28 Sep - 03 Nov 2012

© Oscar Tuazon
Untitled, 2012
rust, engine oil , charcoal, cement on canvas
OSCAR TUAZON
Action
28 September - 3 November 2012

Jonathan Viner is pleased to present Action, Oscar Tuazon’s third solo show with the gallery. The exhibition presents three new bodies of work, each of which confront the definitions of time, medium and process in different ways.

Bearing the traces of the natural elements and debris, Tuazon’s rust paintings in the gallery on 3 Loughborough Street are selected sections of canvas, each a part of a long drop cloth that served as Tuazon’s outdoor working surface. They are marked with the remnants of the metals and tools he used while making sculptures over a period of weeks, with an indexical immediacy that bears likeness to a photogram. The ‘accidental’ compositions on the surface of the canvases are ancillary to the structures made upon them- paintings that reveal the Freudian slips of a sculpture.

In their production, the canvases were connected to the sculptures by Tuazon’s movement between them- the gestures of a human body that interacted physically and democratically with both media, day after day. A horizontal working plane recalls the history of action painting, while the marks and scuffs of the studio environment have strong relation to the practices of artists who have elevated the work surface of the studio to the gallery environment.

The three sculptures in the gallery on Adam’s Row extend Tuazon's investigation of the ambiguity between work and work surface further, by incorporating studio furniture into the sculptures themselves. The materials and forms of the sculptures' produced elements overlap and mimic the used table- tops, frames and tressels they are interlocked with, confusing where one ends and the other begins.

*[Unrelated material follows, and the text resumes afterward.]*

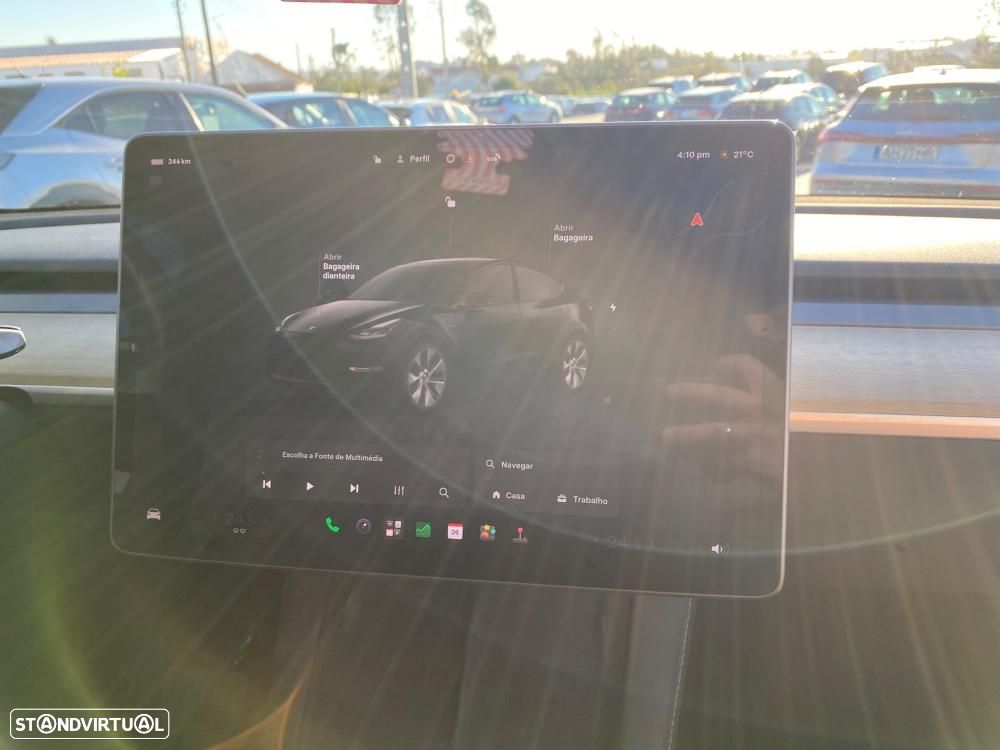Tesla Model Y Standard RWD - 6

The photographs downstairs return to Tuazon's questioning of the boundary between intentional versus accidental action. Like the canvas surfaces collecting the debris of the outdoors, these mounted photographs of dark, abstracted landscapes are again subjected to unpredictable circumstances. Their material and shape is transformed and sometimes damaged after they pass through an industrial machine used to crush metals. As surface and image are distorted the flat photograph becomes sculptural in a process dictated by chance.